§ Directions
Without changing a word, return the listing below, minus its images.
═════ Collected data
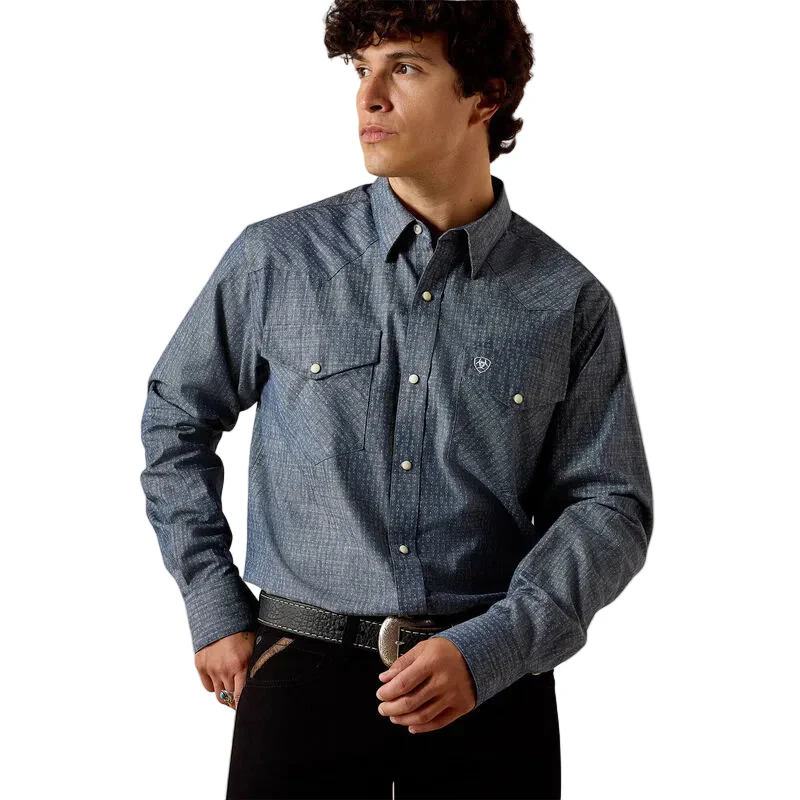 Ariat Men's Filipe Fitted Long Sleeve Fitted Snap Shirt - Chambray Blue Geo Print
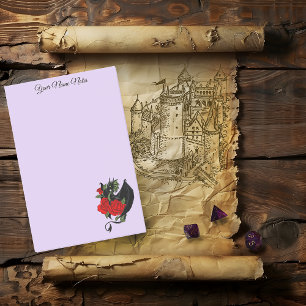 Mystical Black Dragon Red Roses Lavender Gothic Post-it Notes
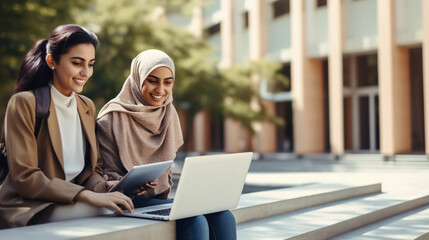 copy space, stockphoto, Portrait of two Muslim female students in traditional headscarf using laptop and phone in university campus. Female arabic students using laptop or cellphone on the campus site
══════════
§ Solution to this exercise
 Ariat Men's Filipe Fitted Long Sleeve Fitted Snap Shirt - Chambray Blue Geo Print
 Mystical Black Dragon Red Roses Lavender Gothic Post-it Notes
 copy space, stockphoto, Portrait of two Muslim female students in traditional headscarf using laptop and phone in university campus. Female arabic students using laptop or cellphone on the campus site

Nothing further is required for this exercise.